Golden Pass may now export LNG to any non-Free Trade Agreement (FTA) country not prohibited by U.S. law or policy from the proposed terminal near Sabine Pass, in Texas.

Aerial view of existing Golden Pass terminal.Aerial view of existing Golden Pass terminal.A final investment decision will be made following government and regulatory approvals. If developed, construction is projected to take five years.

The project would be integrated into an existing import terminal, and would include liquefaction facilities as well as upgrades to the existing terminal.

The current Golden Pass terminal includes five 155,000 cubic meter LNG storage tanks, two marine berths capable of offloading various sized ocean-going LNG carriers, and process facilities capable of regasifying LNG to produce approximately 2 billion standard cubic feet of natural gas per day.

Proposed facilities include three liquefaction process trains, each with a nominal throughput of 5.2 million metric tons per annum (MTA), associated treatment, power and utility systems, and interconnections to existing import facilities and controls.

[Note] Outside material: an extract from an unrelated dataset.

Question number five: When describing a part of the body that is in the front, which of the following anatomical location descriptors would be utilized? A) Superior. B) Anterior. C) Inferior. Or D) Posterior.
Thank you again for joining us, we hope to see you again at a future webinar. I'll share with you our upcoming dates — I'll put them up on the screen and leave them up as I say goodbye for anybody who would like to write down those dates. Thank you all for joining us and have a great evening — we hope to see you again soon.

Pipeline upgrades will include installation of approximately three miles of 24-inch pipeline to facilitate bi-directional flow capability and improve system hydraulics. Additionally, installation of additional compressor stations will facilitate the receipt and redelivery of up to 2.6 billion cubic feet per day of natural gas supply to the proposed export facility.

The Energy Department's (DOE's) Energy Information Administration (EIA) says that it expects U.S. natural gas exports to overtake imports in 2018 when they will reach nearly 10 Bcf/d. As recently as 2015, exports totaled around 5 Bcf/d, EIA says. The EIA’s Short Term Energy Outlook projects an average dry natural gas production rate of 73.1 Bcf/d in 2017, the second highest on record.

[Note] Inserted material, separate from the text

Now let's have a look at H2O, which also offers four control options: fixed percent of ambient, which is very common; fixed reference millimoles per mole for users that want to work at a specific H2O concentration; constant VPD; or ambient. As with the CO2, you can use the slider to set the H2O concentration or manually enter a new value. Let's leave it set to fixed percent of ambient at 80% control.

Altogether, DOE has authorized a total of 19.2 Bcf/d of natural gas exports to non-FTA countries from planned facilities in Texas, Louisiana, Florida, Georgia, and Maryland.

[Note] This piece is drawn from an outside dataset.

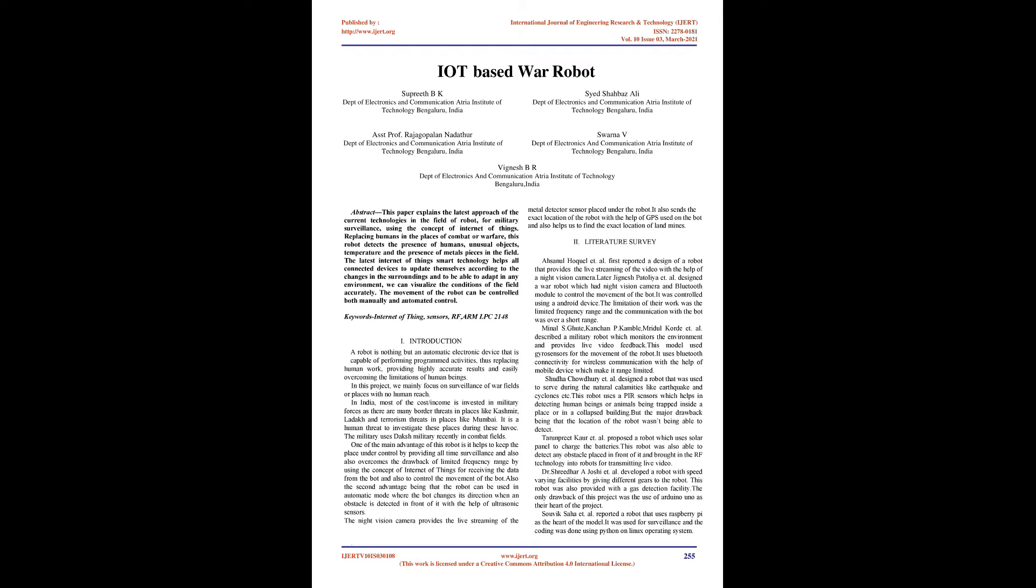The military uses drones and military robots recently in combat fields. One of the main advantages of this robot is it helps to keep the place under control by providing all-time surveillance and also overcomes the drawback of limited frequency range by using the concept of Internet of Things for receiving data from the bot and to control its movement. The second advantage being that the robot can be used in automatic mode where the bot changes its direction when an obstacle is detected.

Federal law generally requires approval of natural gas exports to countries that have an FTA with the United States. For countries that do not have an FTA with the United States, the Natural Gas Act directs the Energy Department to grant export authorizations unless the Department finds that the proposed exports “will not be consistent with the public interest.”

Among other factors, DOE says it considered the economic, energy security, and environmental impacts, including macroeconomic studies that showed positive benefits to the U.S. economy in scenarios with LNG exports up to 28 Bcf/d. DOE says that it determined that exports from Golden Pass, jointly owned by Qatar Petroleum (70%) and ExxonMobil (30%), for a period of 20 years, was "not inconsistent" with the public interest.